世界経済評論IMPACT(世界経済評論インパクト)
加速する人民元の国際化
(多摩大学 客員教授)
2023.04.17
国際貿易において圧倒的なシェアを持つ国の通貨は,自ずと国際化するものだ。古くはビザンツ帝国のノミスマ金貨,16~17世紀のスペイン銀貨,18~19世紀の英国ソブリン金貨とポンド,そして戦後の米ドルなど,覇権国家の通貨は国際的に広範に流通した。米ドルは,IMF・GATT体制の下で基軸通貨となり,今日でも,貿易決済の80%以上がドルで行われている。

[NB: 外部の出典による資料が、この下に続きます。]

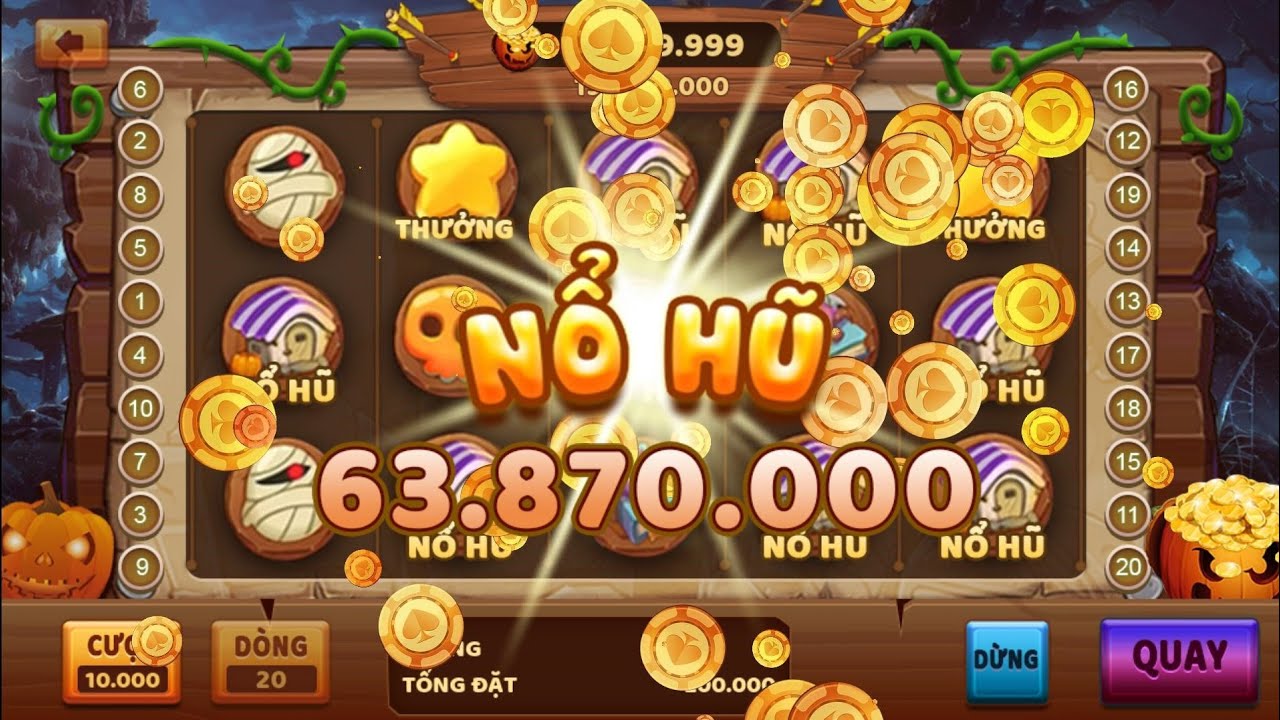 Cơ hội trúng Jackpot khủng tại w888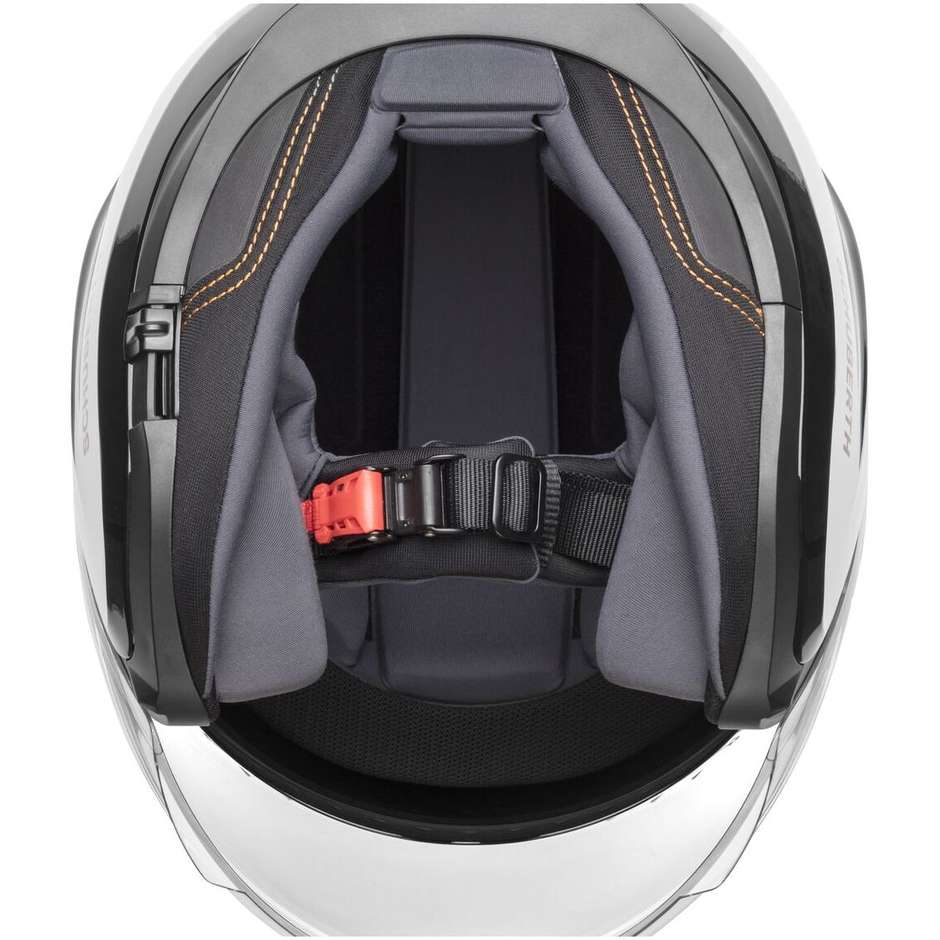 Casque moto Schuberth M1 Pro Outline noir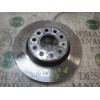Recambio de disco freno delantero para skoda octavia berlina (1z3) active referencia OEM IAM 1K0615301AK  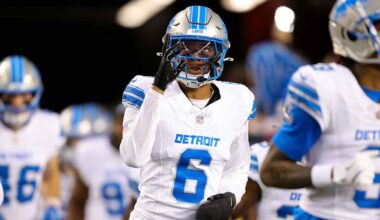 Free Agent Safety with Aaron Glenn Ties Could Help Further Boost Jets' Depth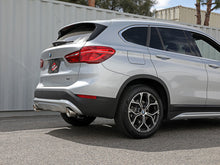 Load image into Gallery viewer, aFe 15-21 BMW X1 F48 L4 2.0L (t) MACH Force-Xp 3 to 2-1/2 IN SS Axle-Back Exhaust w/Polished Tip - DTX Performance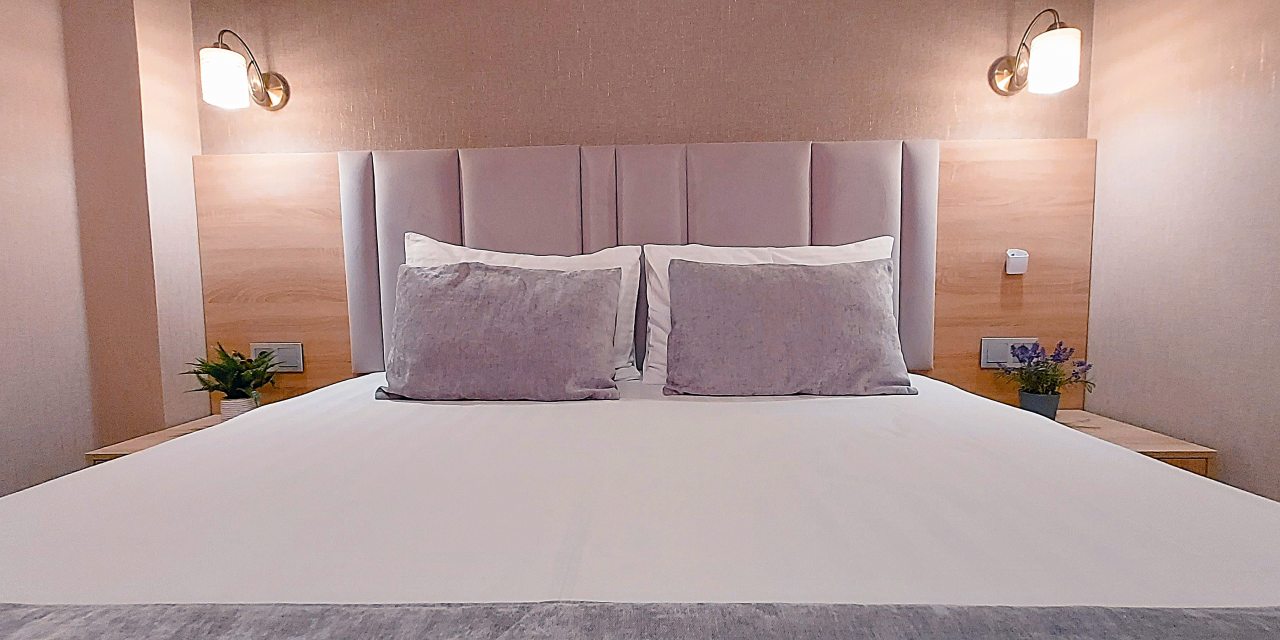 Двухместный (Делюкс с балконом), Гостевой дом Отель 777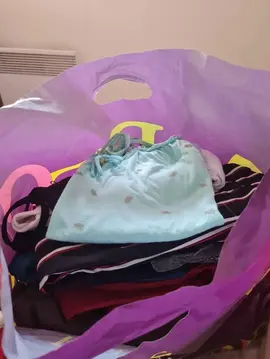 vêtements ado/ femme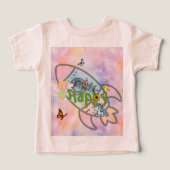 Kidz T-Shirt (Design Recto)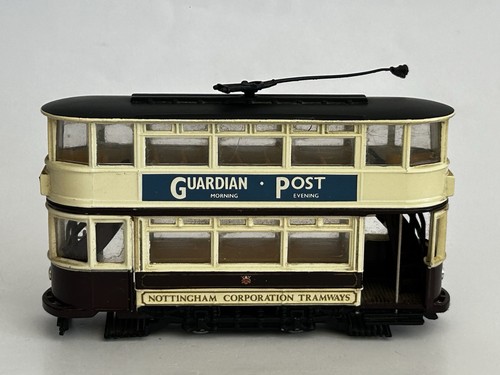 Corgi 97287 great british tram - 97287,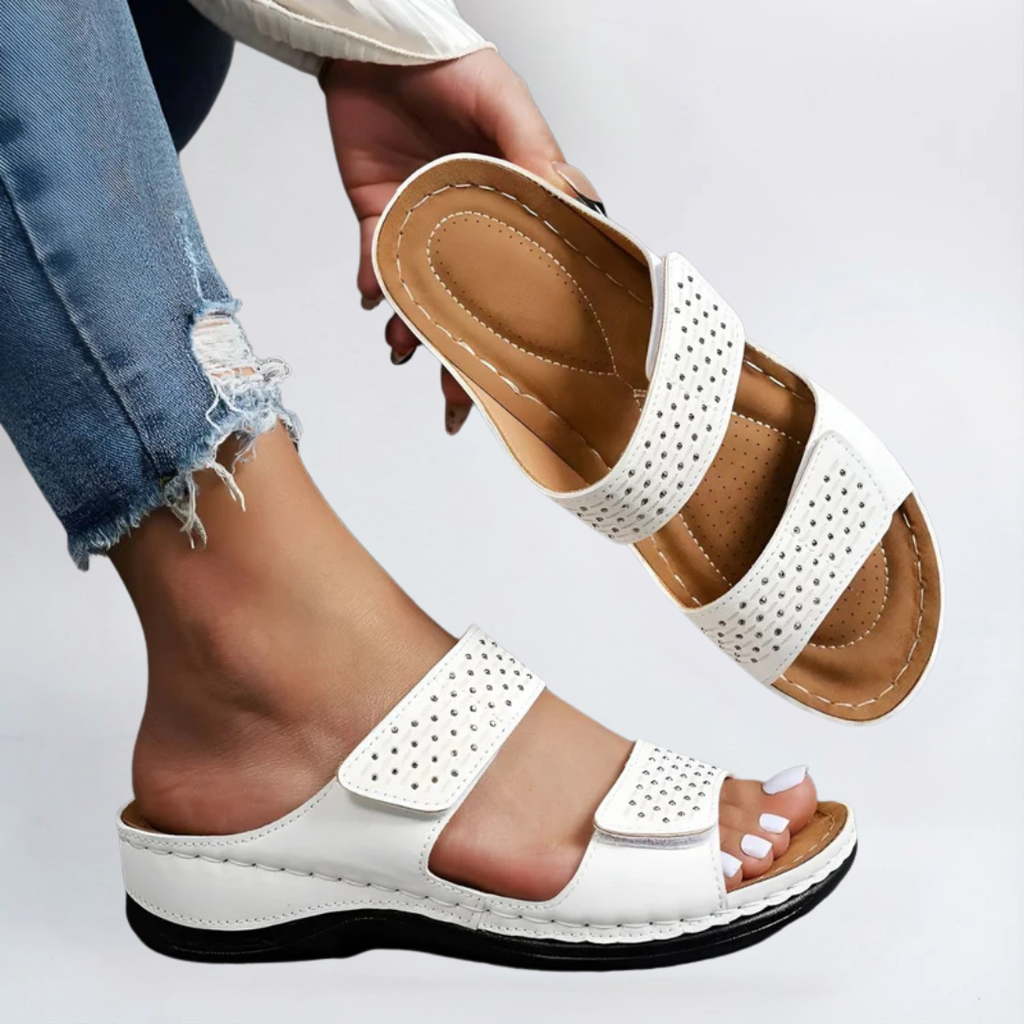 Lynn - Sandali Ortopedici Eleganti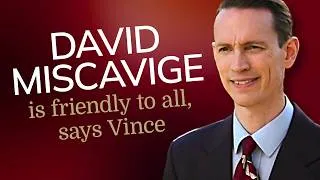 Thumbnail: David Miscavige took the time to say hello to all of us individually, Vince says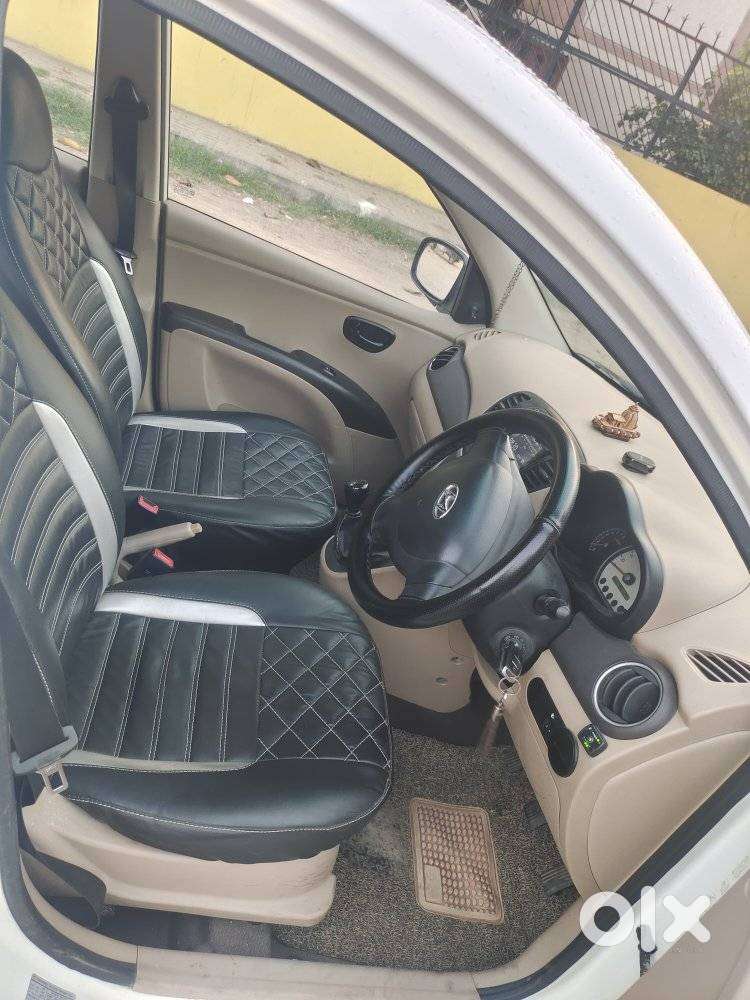 Hyundai I10 1.2 Kappa Magna, 2009, Petrol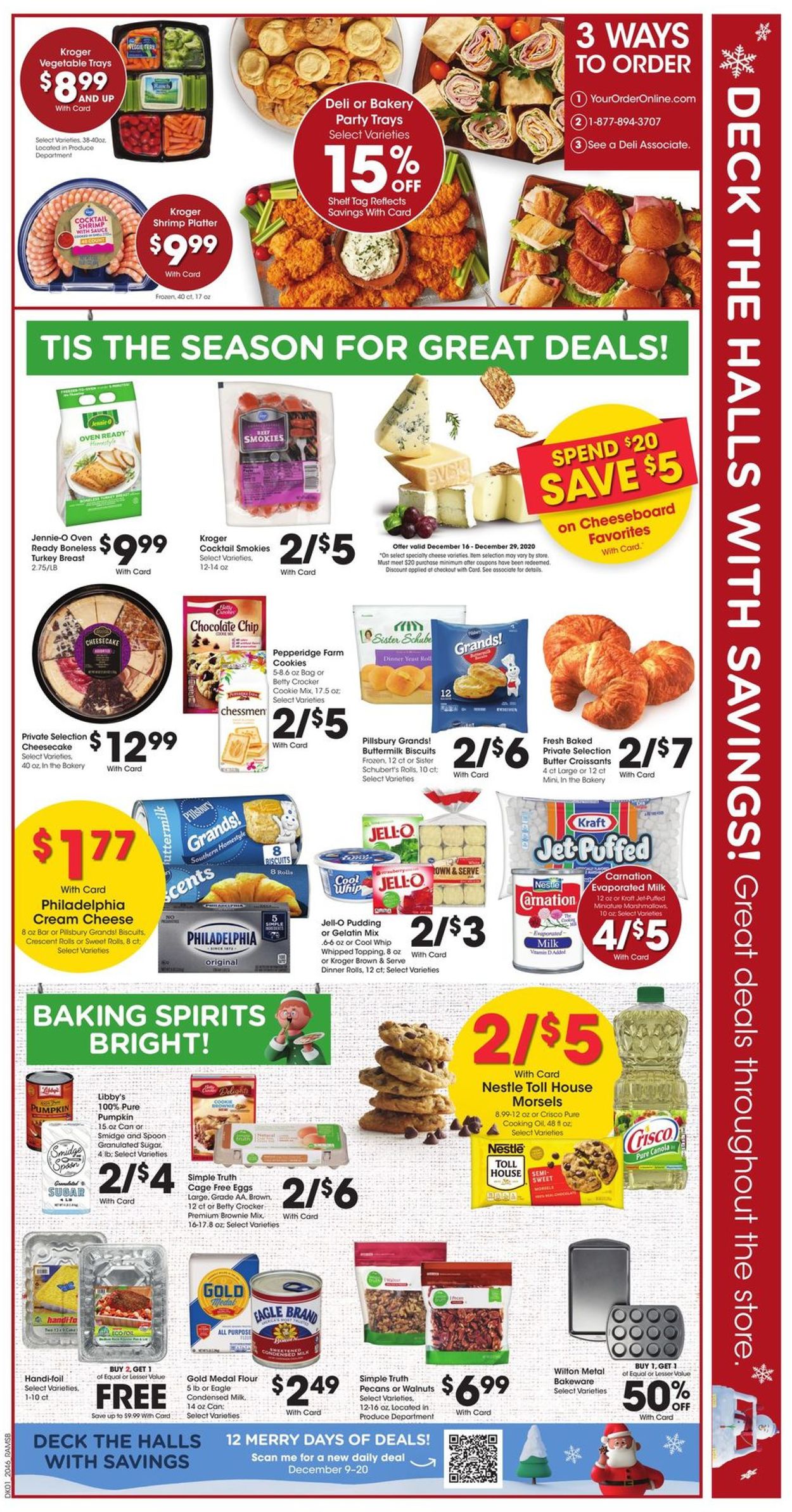 Ralphs Ad from 12/16/2020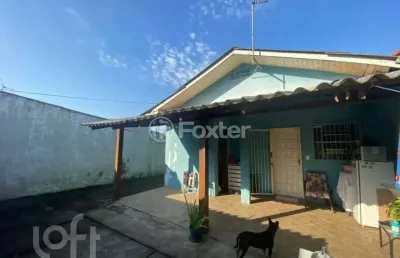 Casa com 3 quartos à venda na rua porto branco, 111, campina, são leopoldo, 72 m2 por r$ 265.000
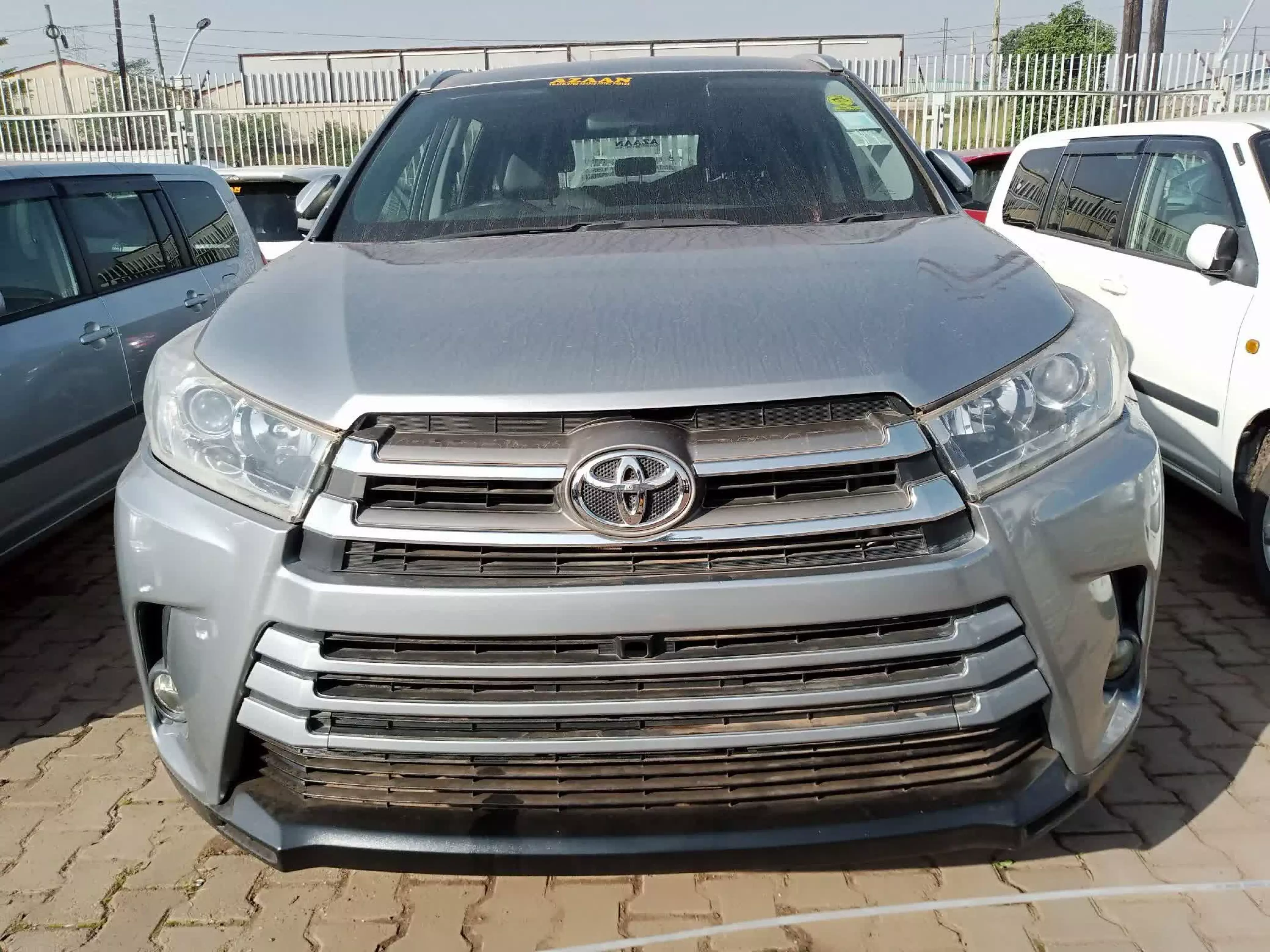 Toyota kluger - 2019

一方,国際貿易におけるアメリカのシェアは今世紀に入って趨勢的に低下している。10%を超えていたシェアは2022年では約6%にまで縮小した。1980年代,日本経済が国際的に躍進していた時期,貿易シェアは10%を超え,円の国際化が喧伝されたが,日米貿易摩擦,半導体戦争,そして90年代の「金融敗戦」を経て雲散霧消してしまった。
これに対し,中国の貿易シェアは90年代の2%から年々拡大し,2022年では15%に達した。米国よりも中国との貿易額が多い国は,全世界の75%を占めるという。20年前の比率と逆転した格好だ。国際貿易における中国のシェアの上昇や経済規模が世界第2位になったことを反映し,国際金融界における中国の地位も上昇している。IMFのSDRにおける人民元の構成比は2022年5月10.92%から12.28%に引き上げられ,日本の7.59%を更に引き離した。また,IMFによれば世界80か国の中央銀行が保有する外貨準備に占める人民元の比率も2016年の1.08%から2022年第2四半期には2.88%まで上昇した。米ドルの59.53%,ユーロの19.77%,円の5.18%にはまだまだ及ばないものの,拡大のスピードは刮目すべきものがある。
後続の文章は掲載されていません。